Tuesday, June 14, 2016

Active Anticipation

        For my last exegesis paper as an undergraduate student, I researched the story of Abraham almost sacrificing Isaac found in Genesis 22.  The professor of the course had encouraged us to focus on ways in which our texts showed humans wrestling with God, which had been the theme for our course.  Whereas Abraham seems to not contend with God and instead comply with God’s odd command, I argued that Abraham was arguing with God through his obedience.  Abraham’s ready obedience was a display of his active anticipation and hope that God would follow through on His promises (Hebrews 11:17-19).  
        As Abraham prepares the altar on which he would nearly sacrifice Isaac, the narrator slows down the narrative and focuses on the details of what is going on.  The detail-oriented phrase ‘and he arranged the wood’ also appears in 1 Kings 18 where Elijah is in the midst of preparing an altar onto which he will soon pray for God to send fire.  In both circumstances, the people are expecting God to act according to His previously revealed character (Abraham: God will keep His promises, Elijah: God hears and responds to prayer).  These are not instances of idle expectation, but rather are acts of active anticipation.
        I was reminded of the stories of Abraham and Elijah arranging the wood as they anticipated God to act on my walk to church last Sunday.  Like several cities in Estonia, Rapla is preparing for St.
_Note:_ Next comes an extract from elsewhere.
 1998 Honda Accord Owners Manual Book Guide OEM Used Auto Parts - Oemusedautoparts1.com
John’s Day, the longest day of the year, by building a giant bonfire to be lit that night.  I had observed locals coming to the pile and adding their sticks, logs, ladders, fences, and other yard trimmings to the growing pile.  They are expecting the fire to be lit based on what they have witnessed in previous years and responding to that expectation by their actions.  
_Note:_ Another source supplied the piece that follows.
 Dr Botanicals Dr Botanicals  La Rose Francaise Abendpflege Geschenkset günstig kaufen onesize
       What does such active anticipation look like in ministry?  In his book Homiletics, Karl Barth describes preaching as being in a chronological place between two poles.  The first pole is the revelation of Jesus Christ, which he calls the “unconditional whence.”  The “unconditional whither”, the second pole, is the second coming of Christ.  This same spot is occupied by ministry in general.  We point to Jesus Christ in both directions and expect God to continue to make Himself known to people during the space between the poles.
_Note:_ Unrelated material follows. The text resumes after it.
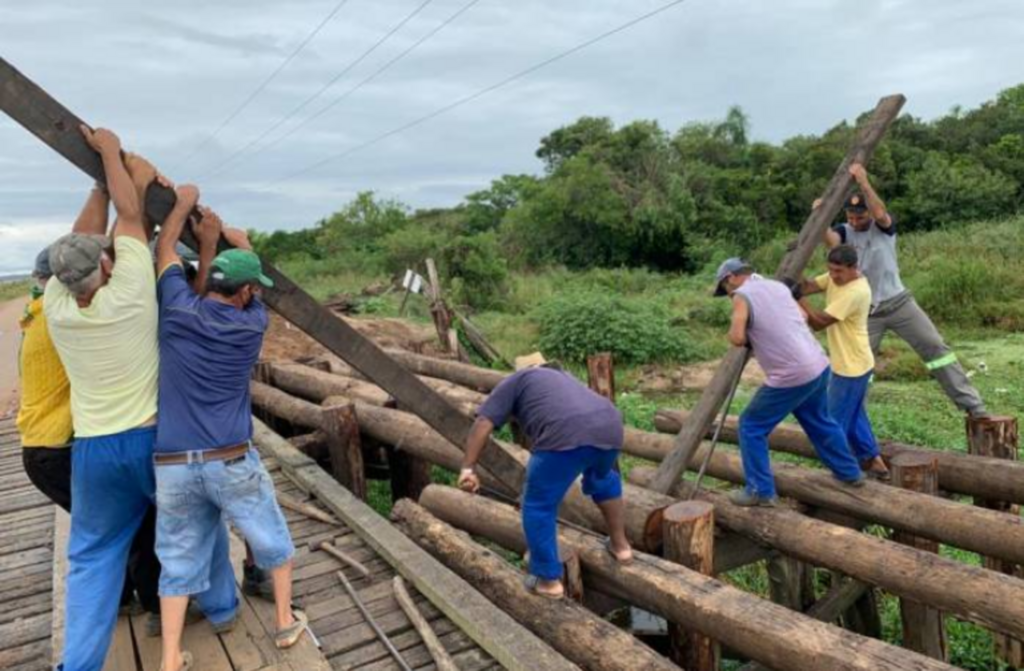 Ponte de acesso à Z-3 deve ficar pronta nos próximos dias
        As I participate in ministry in Estonia, I am arranging my metaphorical sticks and adding them to the pile that is growing here.  These sticks include building relationships with people inside and outside the church, learning the language, and finding ways to serve.  Like the physical bonfire that is growing in the public park, my sticks are contributions to a larger pile of sticks laid down by people, both past and present, who have this active anticipation and hope, based on the unconditional whence and whither, that God will show Himself to the people here.